Very impressive build. I'm always amazed by clean, simple paint jobs. They're a lot harder to do than "weathered" models -- No place to hide the mistakes!


----------



## SPQR (Jul 12, 2010)

nice job truely! by the way I think I have discovered how Dr.Milo,Cornelius and Dr.Zira escaped with Col.Taylors Icarus!


----------



## Zombie_61 (Apr 21, 2004)

Nicely done! I've always liked the design of the ship as well, but I have difficulty reconciling the fact that it leaves no room whatsoever for any form of propulsion system. I've seen one or two build-ups where the modeler used paint effects below the waterline to imply there's more ship beneath the surface of the lake. Regardless, I'd love it if someone were to produce a good styrene kit of the Icarus.



SPQR said:


> by the way I think I have discovered how Dr.Milo,Cornelius and Dr.Zira escaped with Col.Taylors Icarus!


Easy. The studio wanted to wring more money out of the franchise.


----------



## Bobj812 (Jun 15, 2009)

Very nicely done! I've always liked this ship, ever since I saw the movie at the drive in as a wee lad.


----------



## kdaracal (Jan 24, 2009)

This looks great. I love how it's not "crashed", yet. Nice idea. Seems like you always see it in the water. The water effects are in sync with the clean build, but still look realistic. That must be a hard balance. My first instinct would be to "dirty up' the water/land areas, which would not go with the flavor of the clean build idea. 

All elements go together nicely, but are very real. Fantastic! 

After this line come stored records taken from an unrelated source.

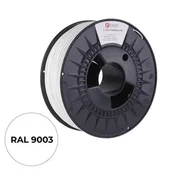 C-Tech PREMIUM LINE Tiskalna vrvica ( filament), ABS, transportna bela, 1,75 mm, 1 kg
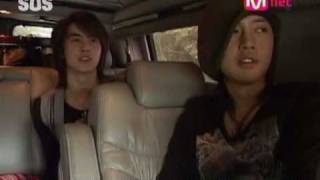 SOS Ep 1 SS501 cuts [ eng sub ] Silly Jung min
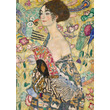 Puzzle 1000 db - Klimt: Nő legyezővel kép nagyítása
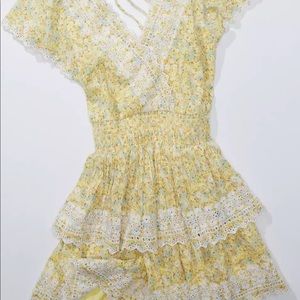 AE Yellow Garden Party Dress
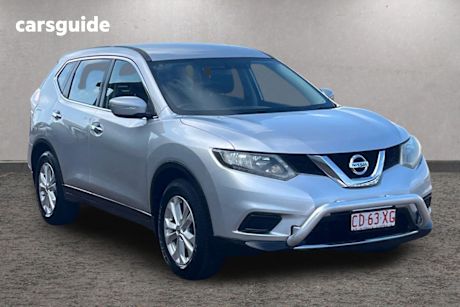 Silver 2015 Nissan X-Trail Wagon St (Fwd)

Anymore, I look at a build and love it. But now I'm always asking myself WHY I love it. I suppose I'll actually learn something!! HA! In any case great job!


----------



## kdaracal (Jan 24, 2009)

How did you get the black areas to have that grainy, flecked look on the cockpit and rear areas? I like it a lot.


----------



## Phillip1 (Jul 24, 2009)

Thanks for the compliments. The "black areas" were highlighted with drybrushing Model Master dark ghost gray. This helped to break up the color and bring out all of the hard edges.

P. Gore


----------



## StarshipClass (Aug 13, 2003)

Great paint job and build up! I've saved your pics as reference material! :thumbsup:


----------